In casi di alta risonanza, come si bilancia l’esigenza di smentire il pregiudizio mediatico con l’obbligo etico di non minare la fiducia nelle istituzioni?
“Bisogna dare notizie verificate. Negli ultimi mesi intorno al caso Garlasco abbiamo visto uscire delle informazioni né vere né verificate. Sono state poi smentite dai fatti, e sono state costruite delle ipotesi spacciate per quelle della Procura stessa. Poi, ci vorrebbe una maggiore attenzione da parte degli operatori di giustizia nell’assicurarsi che le notizie non escano prima che ne siano informate le parti. Anche i media dovrebbero sempre ricordarsi della presunzione di innocenza. Questo non significa solo usare il condizionale o la parola ‘presunto’ prima di definire qualcuno un assassino o un criminale, ma vuol dire anche non impostare la notizia dando solo la versione accusatoria”.
Qual è il ruolo del giornalista che con il suo lavoro fa emergere un errore giudiziarioin casi che l’opinione pubblica aveva archiviato come conclusi?
“Ci sono stati dei processi in cui l’informazione ha svolto un ruolo fondamentale nel riaprire vicende considerate chiuse aggiungendo elementi fondamentali. Altre volte i media hanno cavalcato quello che è un filone narrativo, cioè il fatto che anche processi molto solidi venissero messi in discussione in base più a suggestioni che a elementi concreti. E’ quello per esempio che è successo a Erba”.
Nel ricostruire un caso, qual è la sua responsabilità etica quando si espongono le presunte carenze di magistrati o investigatori?
“Il rispetto ci vuole sempre, verso tutti: operatori della giustizia, famiglie delle vittime, famiglie degli accusati. Il compito dell’informazione è mettere in risalto eventuali carenze o storture. Se ci sono sentenze che palesemente possono sembrare un errore, l’informazione ha il dovere di segnalarle”.
Il giornalismo investigativo può stimolare la riapertura di casi in presenza di errori giudiziari acclarati?
“È avvenuto ma a volte non avviene nonostante ci siano seri motivi per dubitare dell’esito di un processo e i media lo facciano notare.

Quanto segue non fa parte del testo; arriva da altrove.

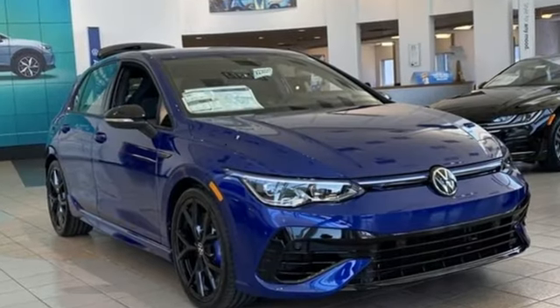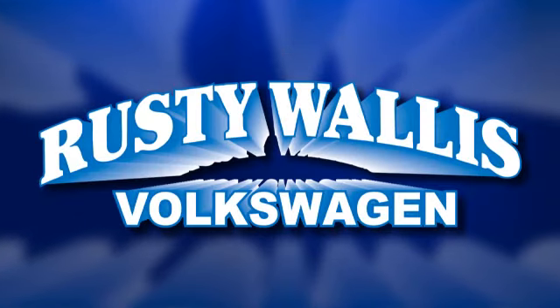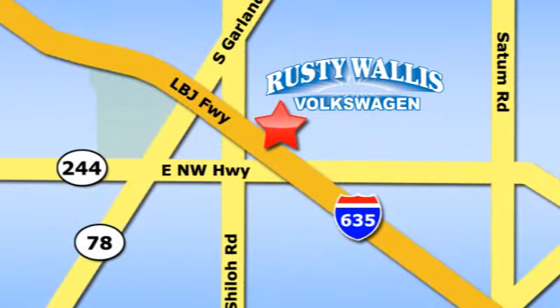Enjoy every drive in a Volkswagen. Experience it for yourself today. Rusty Wallace Volkswagen is one of the premier Volkswagen dealerships in Texas. We're easy to find just off Northwest Highway at 12635 LBJ Freeway in Garland.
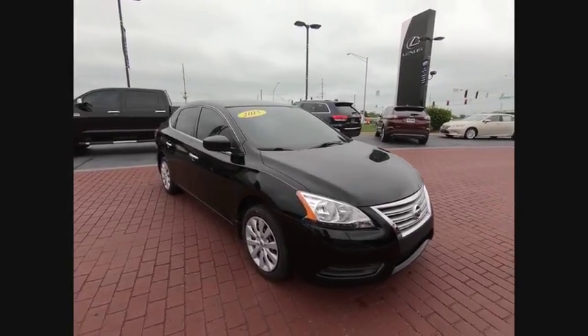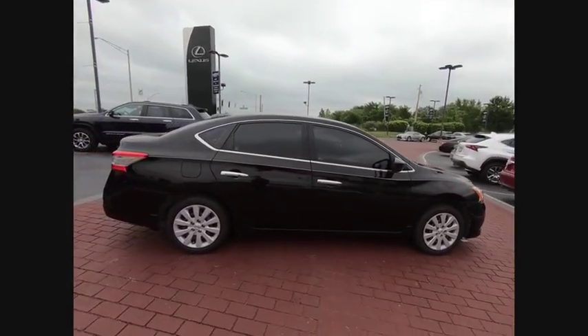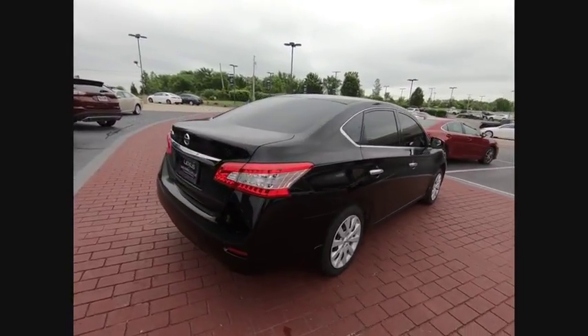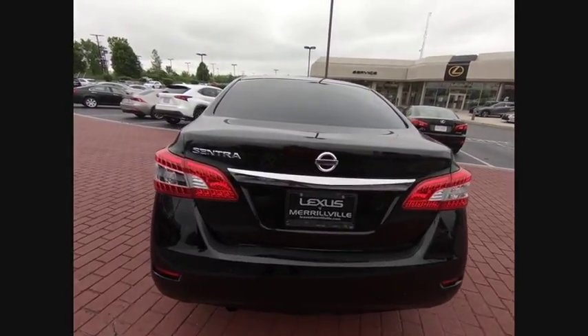The 2015 Sentra. With its spacious and versatile interior and stellar fuel efficiency, the Nissan Sentra is the obvious choice for anyone who wants to enjoy a stylish and comfortable ride, and is priced below $15,000. This vehicle has less than 45,000 miles.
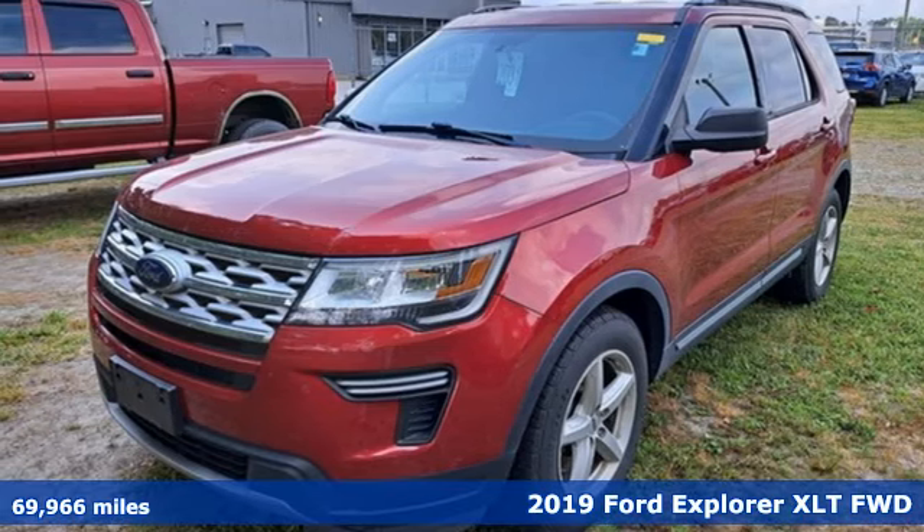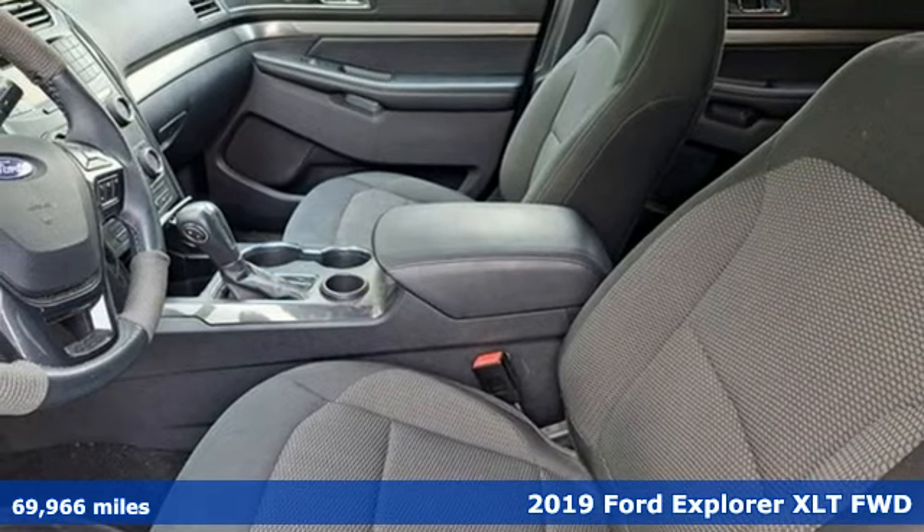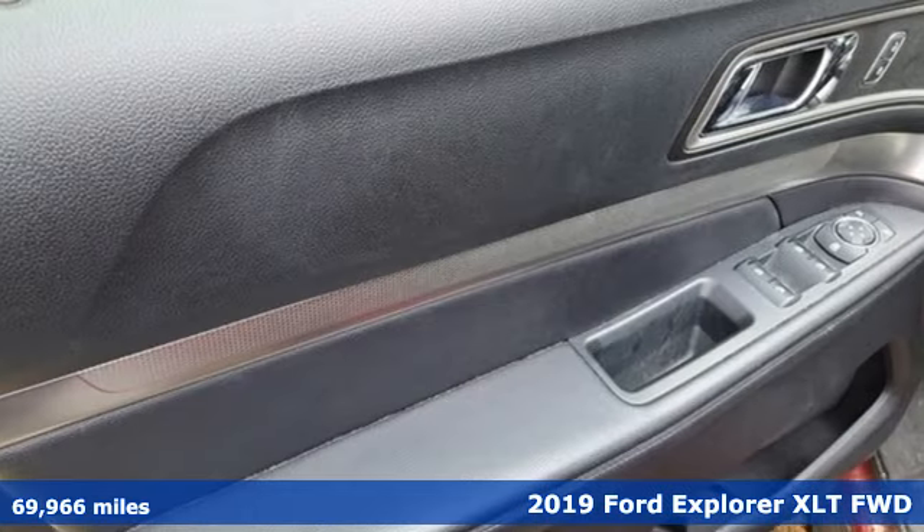It's a 2019 Ford Explorer. Ford is America's best-selling vehicle brand. It comes with the features you need and, better yet, want.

La funzione può essere molto importante, ma non bisogna partire da una tesi e poi cercare di dimostrarla, deve avvenire il contrario, bisogna partire da elementi concreti che riescano a formulare poi la tesi di un errore. Per esempio, nel famoso caso di Enzo Tortora, a fronte di una stampa che quasi unanimemente si scagliò contro di lui, ci furono giornalisti che iniziarono ad avanzare seri dubbi in maniera sensata e concreta e questo alla fine riuscì a scalfire la convinzione dell’opinione pubblica e a portare probabilmente anche dei risultati”.
Qual è la responsabilità nel proteggere la privacy e la dignità delle persone anche dopo la pubblicazione?
“La responsabilità è grande, si tratta di coscienza personale. Per questo, ripeto, ci vuole sempre grande rispetto quando si racconta una storia. Bisogna sempre tenere a mente prima di tutto il rispetto sia dei dati di fatto, sia delle persone coinvolte”.